Palestra: Information Extraction for Building Knowledge Bases

Data 5af, 8/3/2012, 16hs
Sala 511RDC


So far, information extraction from the Web has mostly focused on matching syntactic structures
found on Web pages into predefined templates. We generalize this established model in two
ways. First, we show that for some applications (we have done it for life science databases),
the conceptual information is available on the Web page and it is useful and possible to extract both
a conceptual and a factual representation of the underlying content at the same time. Second,
we generalize syntactic structures to perceptual structures. As a first step in this direction,
we have extended XPath to include spatial primitives into the query language. Initial experiments show
that such a query mechanism is much better at generalizing from different underlying
data sources than syntax-only based mechanisms.

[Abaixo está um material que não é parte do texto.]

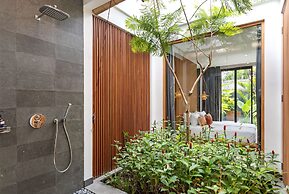 Villa Castil di Udara by Villa Finder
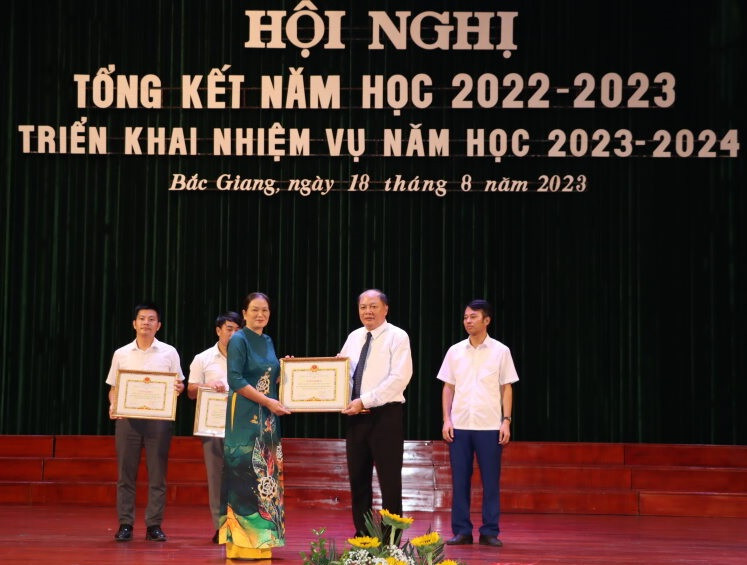 Ông Tạ Việt Hùng - Giám đốc Sở GD&amp;ĐT Bắc Giang trao khen thưởng cho các tập thể, các nhân có thành tích xuất sắc.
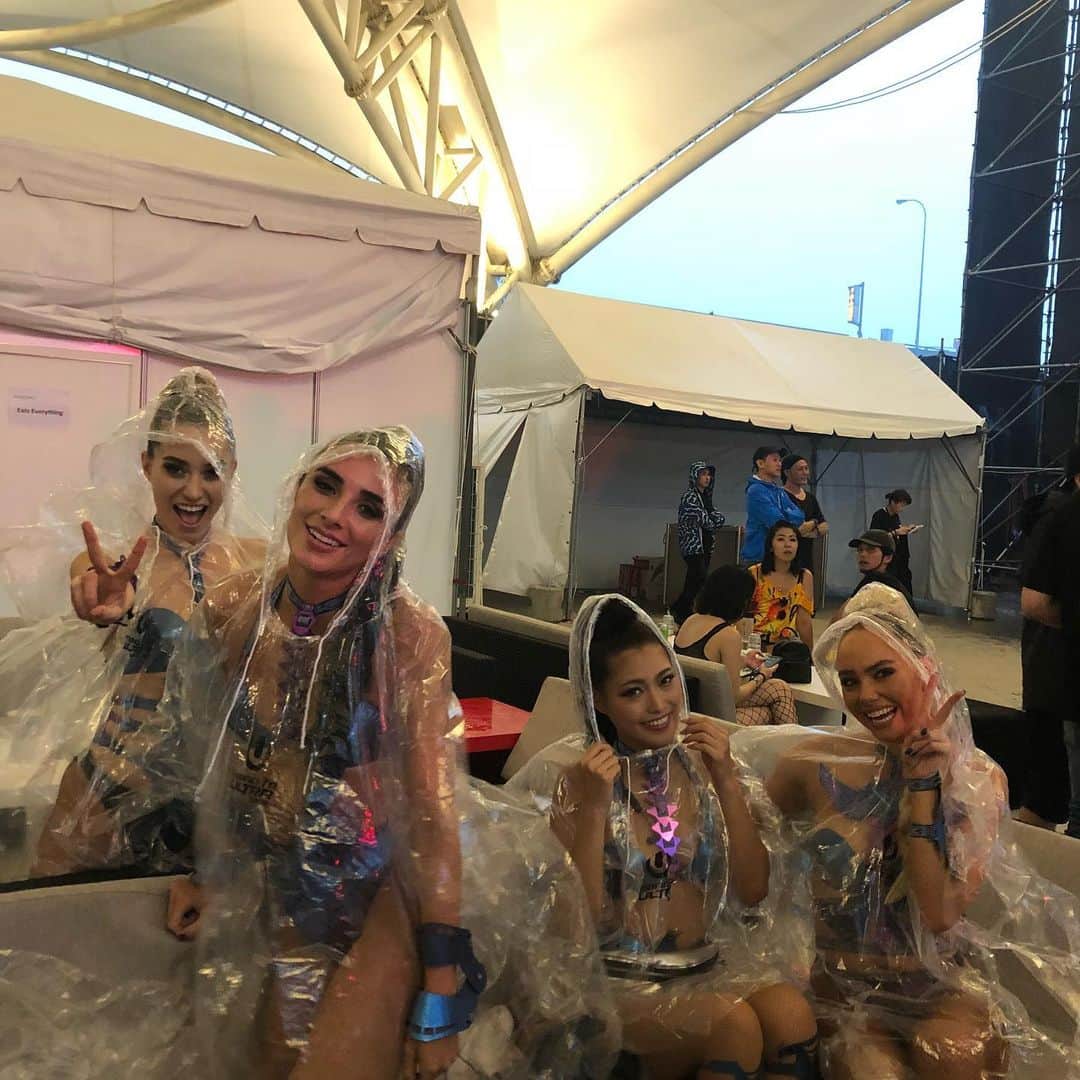 Ultra Angelsさんのインスタグラム写真 - (Ultra AngelsInstagram)「We have been dreaming about returning to Taiwan 🇹🇼   Does anyone remember the crazy storm that happened?   ➡️ Swipe to see our BTS poncho pic!  ➡️ Swipe again to see the before we got wet pic!   #ultrataiwan #bts #theshowmustgoon」4月14日 23時39分 - ultraangels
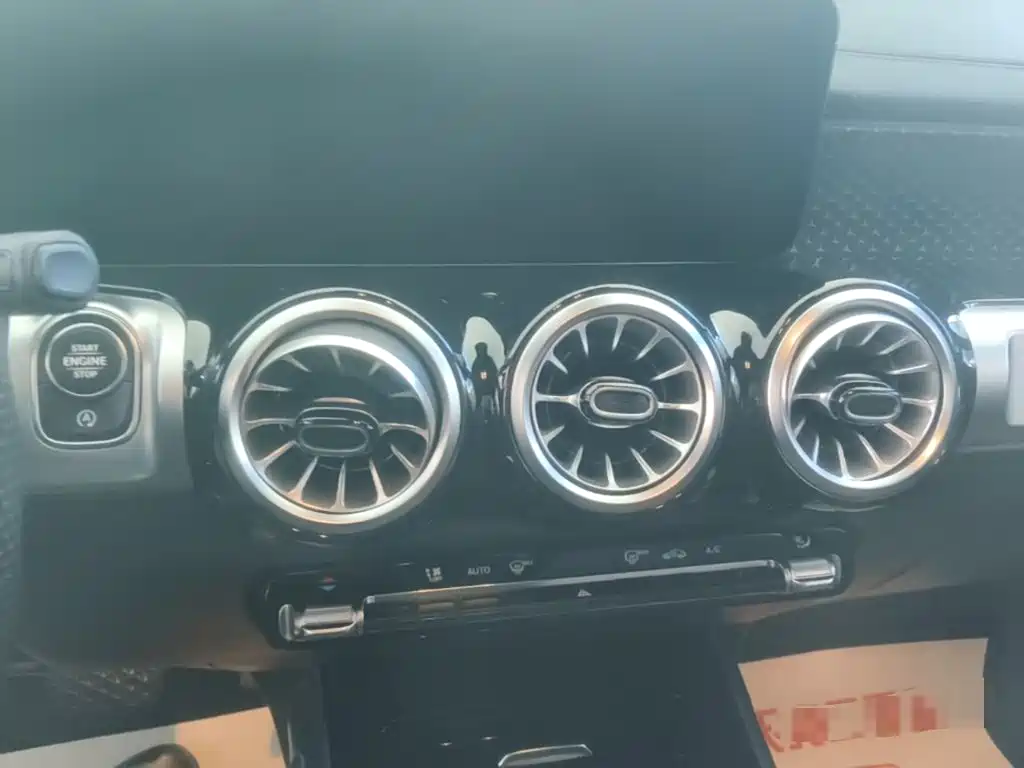 Mercedes-Benz GLB — миниатюра 13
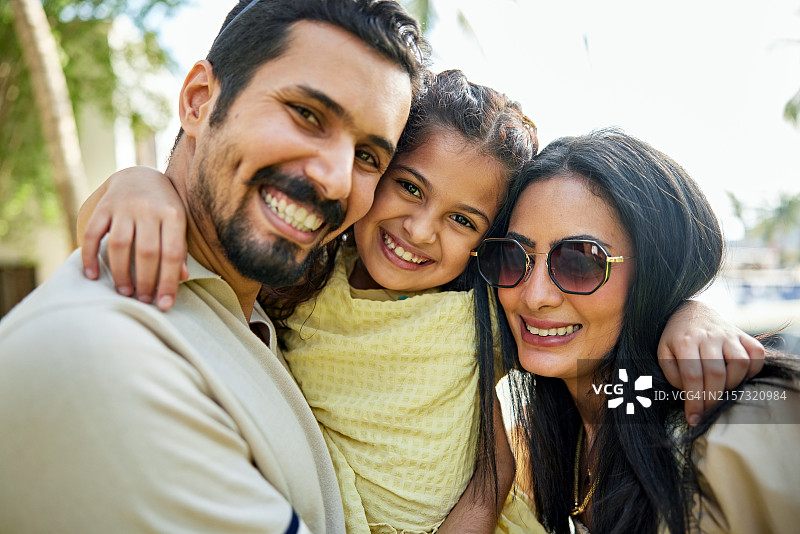 在度假村里手臂相拥的幸福家庭图片素材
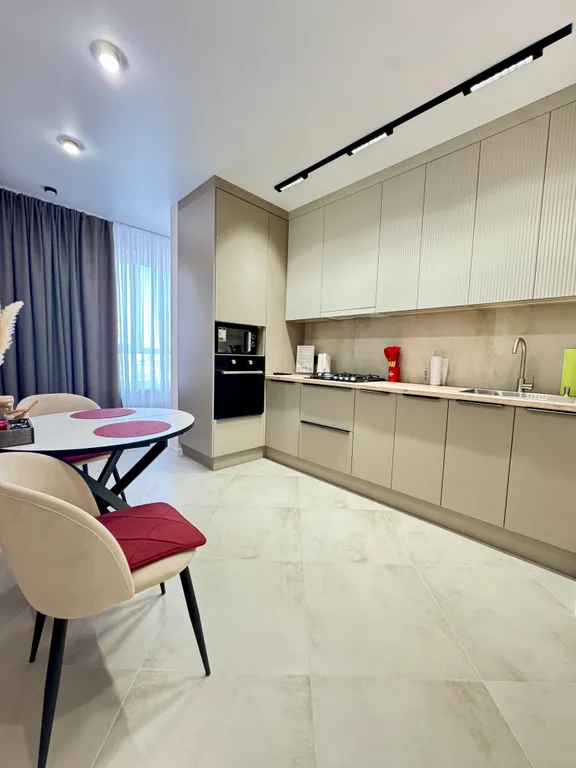 Новая квартира, в шикарном ЖК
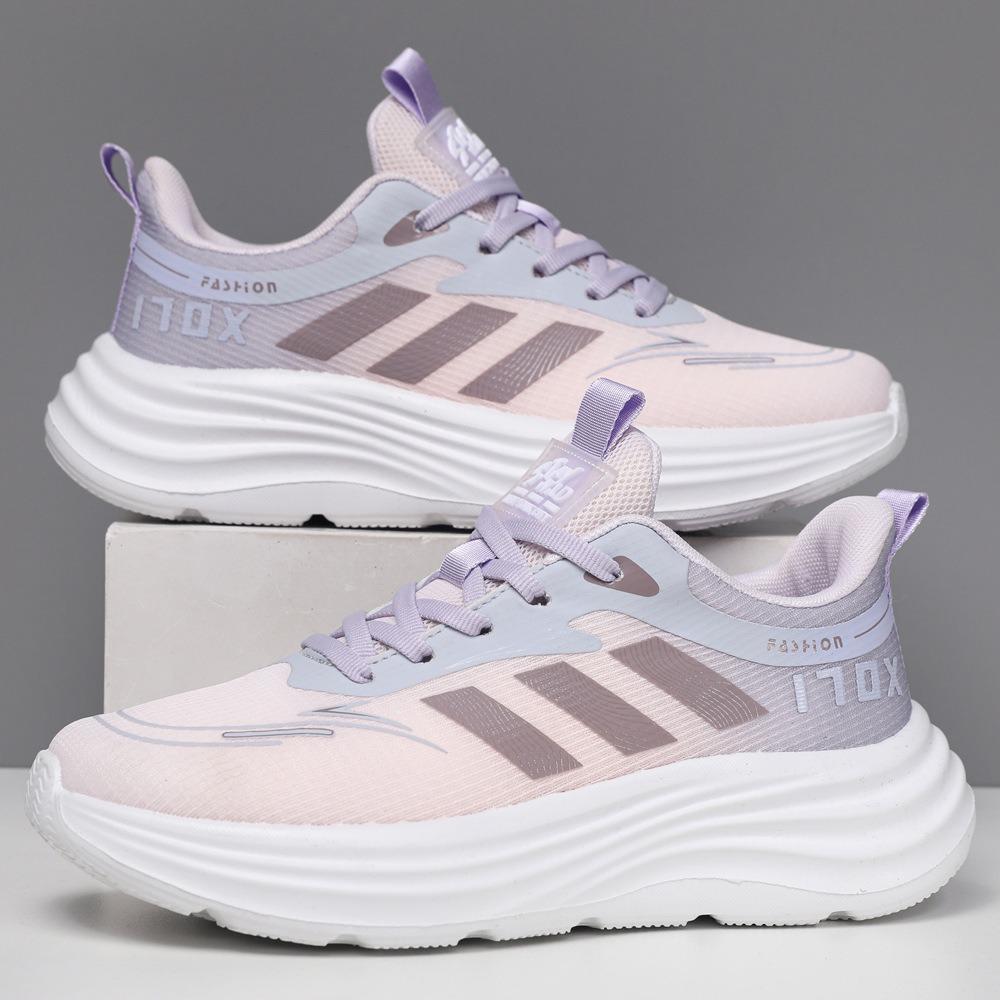 New sports shoes couple mesh breathable casual shoes outdoor sports running shoes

O Prof. Staab é Professor na área de Banco de Dados e Sistemas de Informação na Universidade de Koblenz-Landay. Ele dirige o Insituto para “Web Science and Technologies”(WES). É Co-Chair de Programa da WW 2012, e foi General Chair da ISWC 2011 e WebScience 2011. É também Editor Chefe do Journal of Web Semantics da Elsevier. Seus interesses incluem diversos aspectos de Web Science, tais como Web Semântica, a Web Social, a Web Multimidia, a Web de Software e a Web Interativa. Ele também coordena o projeto integrado da EU “Robust – Risk and Opportunities Management of Huge-Scale Business Community Cooperation”.